> TASK:
Where the data below shows a picture, leave that picture out and copy the rest exactly.

> INPUT DATA:
■ ■ ■ ■ ■

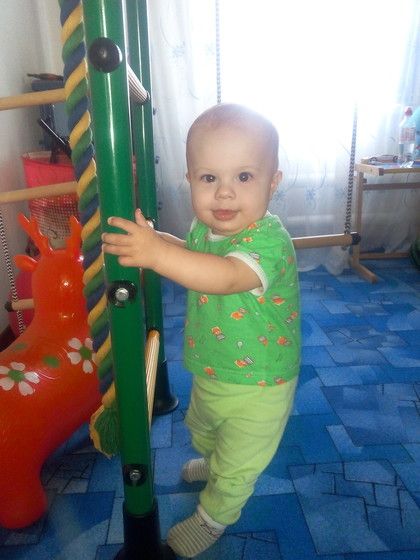 8 месяцев сыночку.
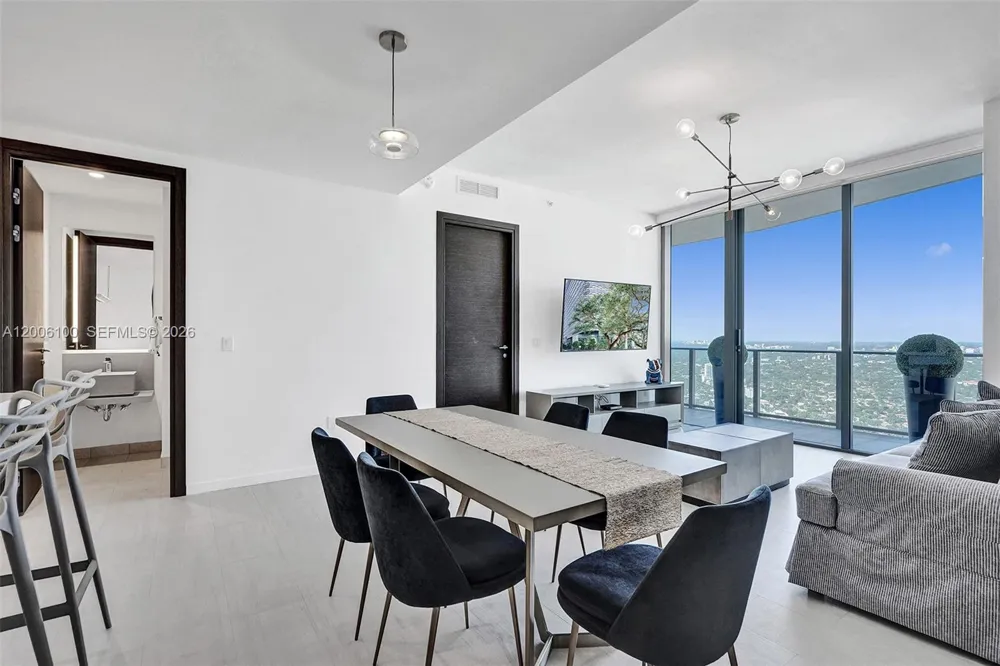 1000 Brickell Plaza #PH5106 Miami, FL 33131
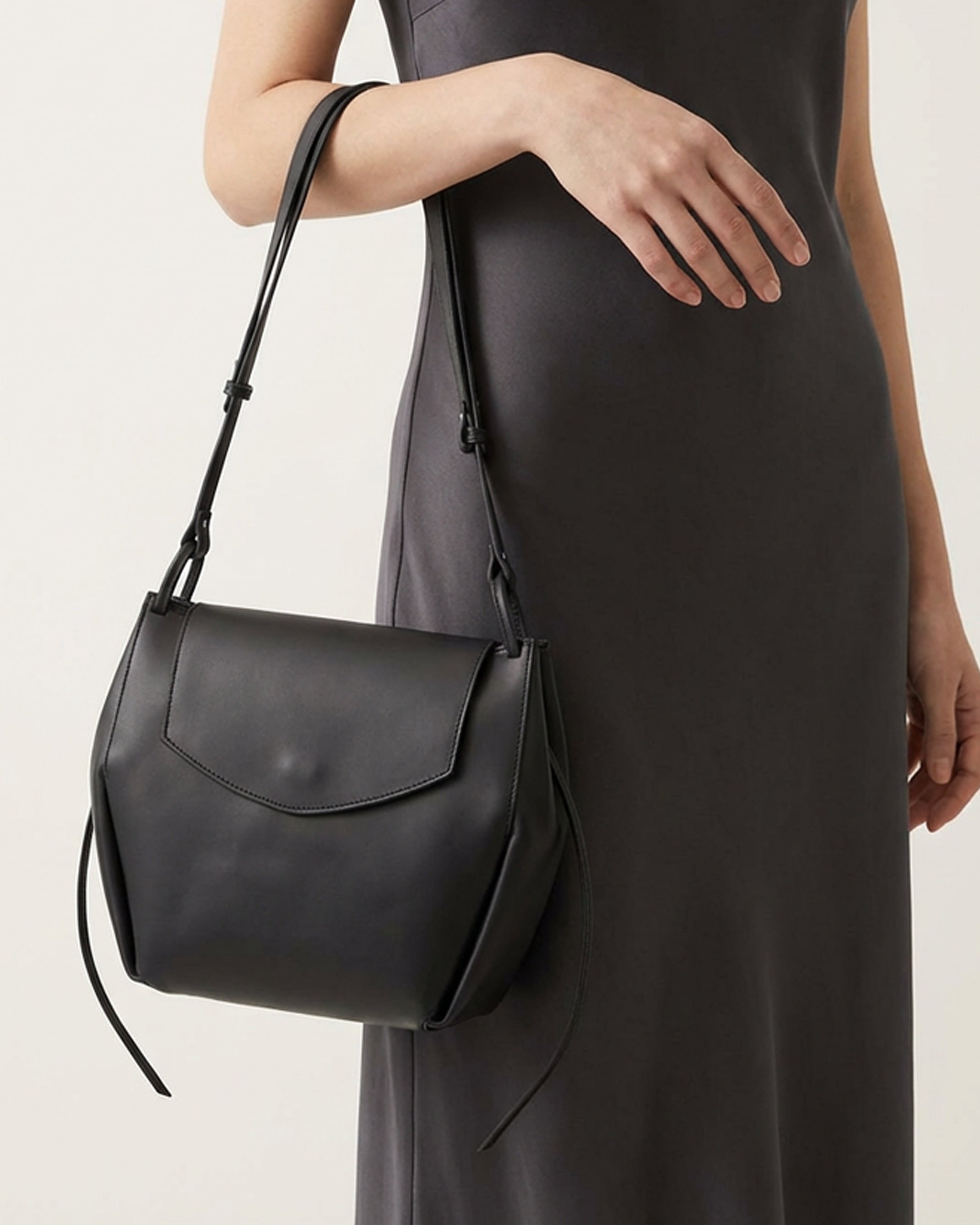 The Onyx Structure Bag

■ ■ ■ ■ ■

> ANSWER BOX:
 8 месяцев сыночку.
 1000 Brickell Plaza #PH5106 Miami, FL 33131
 The Onyx Structure Bag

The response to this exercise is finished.